UPDATE
I have an university project in which I should build up a cluster with RPis.
Now we have a fully functional system with BLCR/MPICH on.
BLCR works very well with normal processes linked with the lib.
Demonstrations we have to show from our management web interface are:
parallel execution of a job
migration of processes across the nodes
fault tolerance with MPI
We are allowed to use the simplest computations.
The first one we got easily, with MPI too. The second point we actually have only working with normal processes (without MPI). Regarding the third point I have less idea how to implement a master-slave MPI scheme, in which I can restart a slave process, which also affects point two because we should/can/have_to make a checkpoint of the slave process, kill/stop it and restart it on another node. I know that I have to handle the MPI_Errors myself but how to restore the process?

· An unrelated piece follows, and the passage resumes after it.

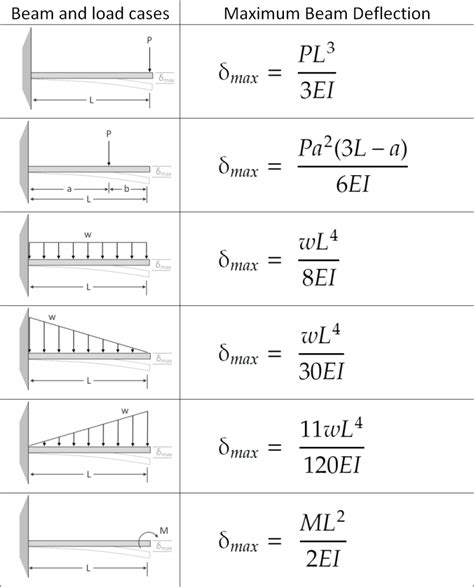 How To Calculate Deflection Of A Steel Beam The Best Picture Of Beam ...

It would be nice if someone could post me a link or paper (with explanations) at least.
Thanks in advance
UPDATE:
As written earlier our BLCR+MPICH stuff works or seems to.
But... When I start MPI Processes checkpointing seems to work well.
Here the proof:
... snip ...
Benchmarking: dynamic_5: md5($s.$p.$s) [32/32 128x1 (MD5_Body)]... DONE
Many salts: 767744 c/s real, 767744 c/s virtual
Only one salt: 560896 c/s real, 560896 c/s virtual
Benchmarking: dynamic_5: md5($s.$p.$s) [32/32 128x1 (MD5_Body)]... [proxy:0:0#node2] requesting checkpoint
[proxy:0:0#node2] checkpoint completed
[proxy:0:1#node1] requesting checkpoint
[proxy:0:1#node1] checkpoint completed
[proxy:0:2#node3] requesting checkpoint
[proxy:0:2#node3] checkpoint completed
... snip ...
If I kill one Slave-Process on any node I get this here:
... snip ...
===================================================================================
= BAD TERMINATION OF ONE OF YOUR APPLICATION PROCESSES
= EXIT CODE: 9
= CLEANING UP REMAINING PROCESSES
= YOU CAN IGNORE THE BELOW CLEANUP MESSAGES
===================================================================================
... snip ...
It is ok because we have a checkpoint so we can restart our application.
But it doesn't work:
pi 7380 0.0 0.2 2984 1012 pts/4 S+ 16:38 0:00 mpiexec -ckpointlib blcr -ckpoint-prefix /tmp -ckpoint-num 0 -f /tmp/machinefile -n 3
pi 7381 0.1 0.5 5712 2464 ? Ss 16:38 0:00 /usr/bin/ssh -x 192.168.42.101 "/usr/local/bin/mpich/bin/hydra_pmi_proxy" --control-port masterpi:47698 --rmk user --launcher ssh --demux poll --pgid 0 --retries 10 --usize -2 --proxy-id 0
pi 7382 0.1 0.5 5712 2464 ? Ss 16:38 0:00 /usr/bin/ssh -x 192.168.42.102 "/usr/local/bin/mpich/bin/hydra_pmi_proxy" --control-port masterpi:47698 --rmk user --launcher ssh --demux poll --pgid 0 --retries 10 --usize -2 --proxy-id 1
pi 7383 0.1 0.5 5712 2464 ? Ss 16:38 0:00 /usr/bin/ssh -x 192.168.42.105 "/usr/local/bin/mpich/bin/hydra_pmi_proxy" --control-port masterpi:47698 --rmk user --launcher ssh --demux poll --pgid 0 --retries 10 --usize -2 --proxy-id 2
pi 7438 0.0 0.1 3548 868 pts/1 S+ 16:40 0:00 grep --color=auto mpi
I don't know why but the first time I restart the app on every node the process seems to be restarted (I got it from using top or ps aux | grep "john" but no output to the management (or on the management console/terminal) is shown. It just hangs up after showing me:
mpiexec -ckpointlib blcr -ckpoint-prefix /tmp -ckpoint-num 0 -f /tmp/machinefile -n 3
Warning: Permanently added '192.168.42.102' (ECDSA) to the list of known hosts.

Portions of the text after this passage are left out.